I used to love this time of year, when there was a cocktail party every night of the week that I could totally justify drinking at because it was the holidays. I could dress up in my favorite party dress, look like a lady and sip on a glass of expensive champagne. Well, that would last all of a couple drinks until I was chugging Perrier-Jouet from the bottle before being asked to leave the restaurant, where I would make my way to some bar called the Thirsty Beaver, lose my shoes in the process, find some guy’s cowboy hat to don and wake up in some unfamiliar place wondering where I left my car.
That night really happened. No, seriously. Actually, that night seemed to happen often. Some details are missing, along with some dignity and self-respect, but you get the point. I will never be that girl. You know the one: the one in the designer red dress with all the right accessories, makeup and hair perfect with everything in place. She is manicured from head to toe and probably has on matching bra and panties. You know her, right? She sips on one glass of champagne or festive cocktail the entire evening and exits the party before last call. Man, I so desperately wanted to be her. I tried. I tried at every cocktail party from Thanksgiving to New Year’s year after year and it was always an epic fail. Every single party, I set out to drink responsibly like the commercials asked of me. Turns out that’s not an option for me because I’m an alcoholic. But I didn’t know that at the time, so I tried like hell to control my drinking and to be responsible.
I had such good intentions for the night I described above. I always had good intentions. You see, some friends and I were going to have a nice holiday get together at Del Frisco’s. I had on a red party dress and everything was manicured and matching. I had gotten a DUI the week before, so I had sworn off alcohol forever. But I thought, “I’ll just make a toast with my friends and stop there. It’s the holidays…a glass of champagne won’t hurt anyone.” Plus, it was like a $200 bottle. “There’s no way I could get drunk off something that expensive,” I thought, as if the alcohol content was any less. Not to mention my brain doesn’t know the difference between Two-Buck Chuck and Perrier-Jouet. And, well, I should have known better. It’s never been just a glass of anything for me. And that night was no exception.

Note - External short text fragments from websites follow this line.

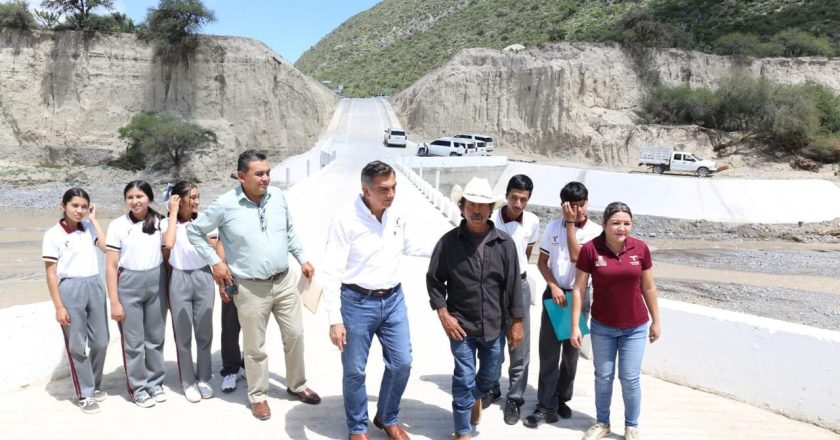 Entregó Américo viviendas a damnificados por la tormenta Alberto y supervisó obras en Tula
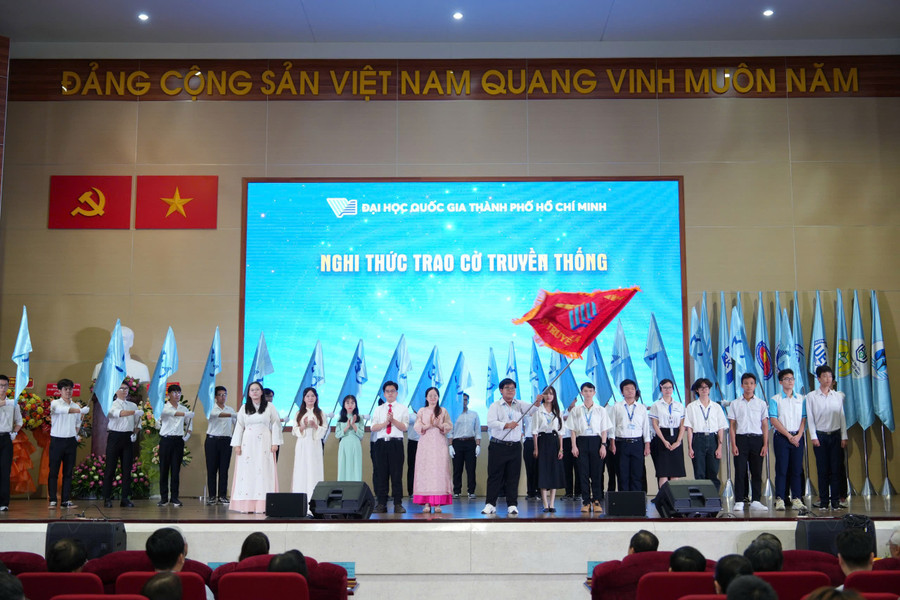 Nghi thức trao cờ truyền thống tại lễ khai khóa. trao-co-2.jpg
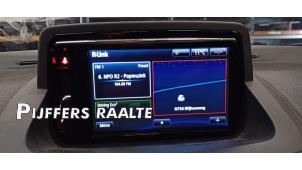 Gebruikte Display Multi Media regelunit Renault Megane III Grandtour (KZ) 1.2 16V TCE 130 Prijs € 350,00 Margeregeling aangeboden door Pijffers B.V. Raalte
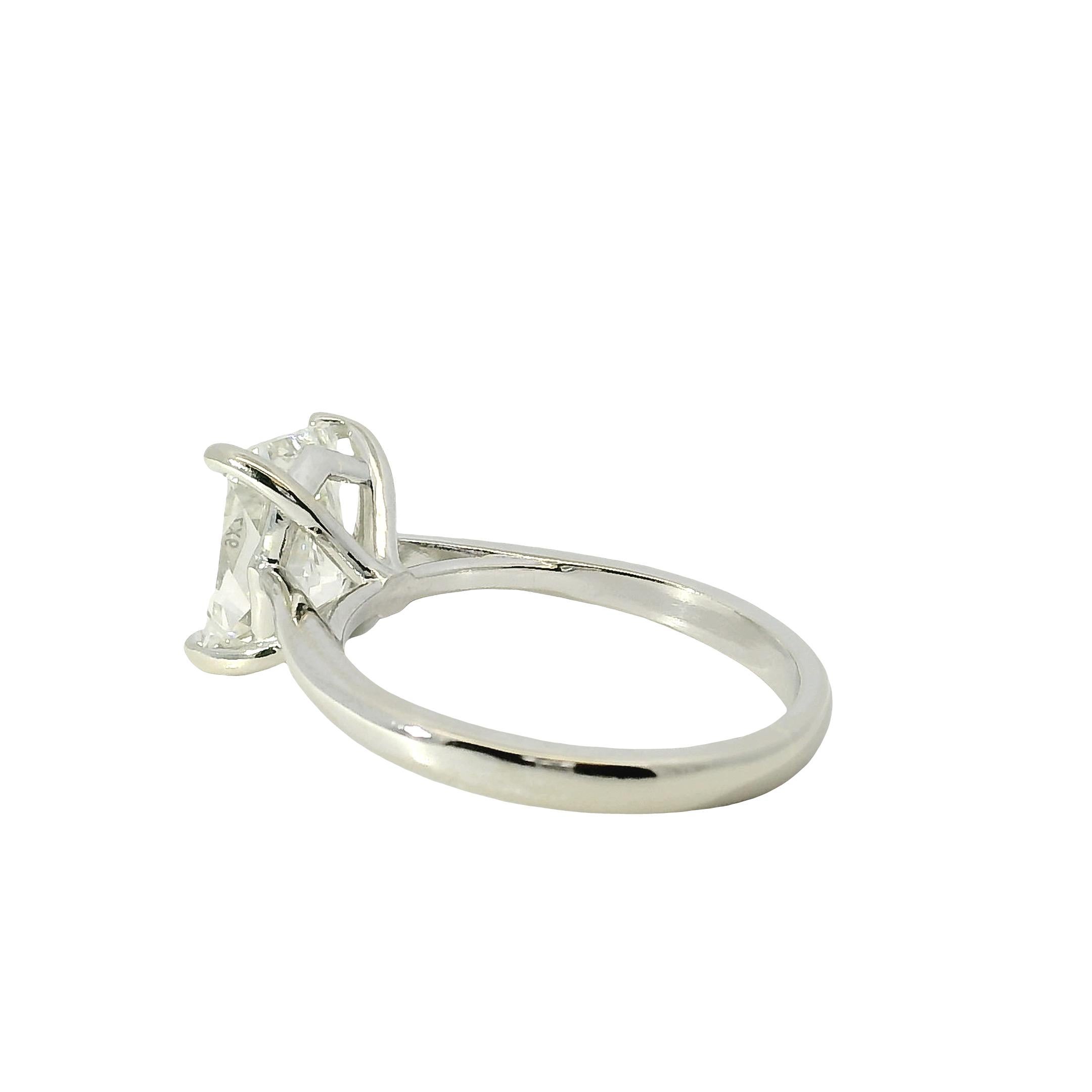 Bague de fiançailles en or blanc 14k certifiée GIA avec diamant taille émeraude en vente 1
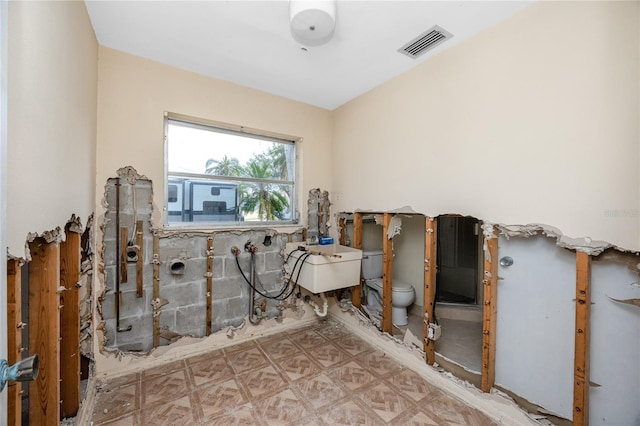 11465 7th St E, Treasure Island, FL 33706 - bathroom with toilet and a sink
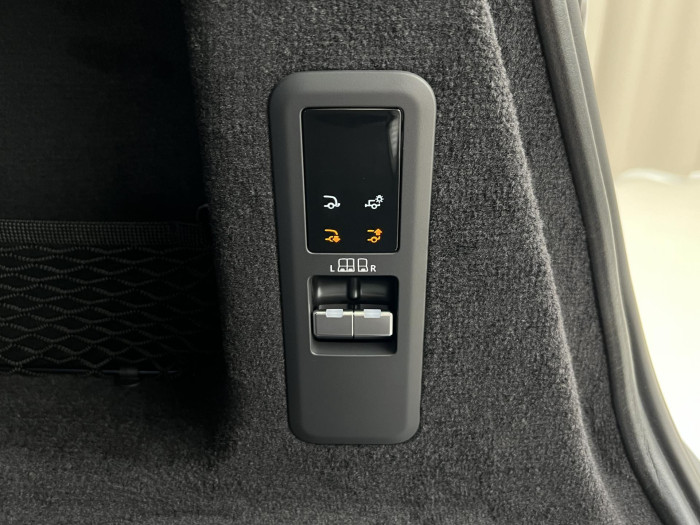 Land Rover Range Rover Sport D300 DYNAMIC SE AWD Aut 3.0 d Dynamic SE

It didn’t matter that we were at an upscale restaurant. It didn’t matter that I had a designer dress on. It didn’t matter that we were drinking $200 bottles of champagne. It didn’t matter that I had limited myself to just one drink. None of that mattered because my addiction is stronger than all of that.
Last weekend was my first holiday party of the season and it was great! I didn’t make out with anyone’s boyfriend or husband. I didn’t wake up in a car, or jail for that matter. I didn’t put anyone’s life in danger by driving drunk. I didn’t verbally assault any random strangers. I didn’t do one single thing that, when I woke up the next morning, I either couldn’t remember or had regrets about.
Instead, I showed up, sipped on sparkling water, mingled a bit, totally indulged in the tater tot and candy bar and left the party looking like I had when I arrived. I had my purse, my phone, my wallet, my bra, my shoes and my dignity intact (one, if not all, were usually missing by the end of any given night back in drinking days). I got home, let my dog out, washed my face, brushed my teeth, probably watched a little Dateline and woke up on Sunday morning feeling fresh and ready for yoga. I didn’t have to look through my phone and text messages to recall the events from the night before. I didn’t have to run outside to check to see if my car was in the driveway. I didn’t have to immediately start drinking to stop the shakes. I simply woke up with another 24 hours ahead of me to do with as I please.
And what I realized was the only thing standing between me and being that girl I tried so hard to be for so long was the cocktail(s). In fact, I can be anyone I want to be as long as I’m sober, but I don’t have to try and pretend to be anyone. I’m just the girl with the sparkling water who smiles and laughs and really loves knowing how her night is going to end: happily.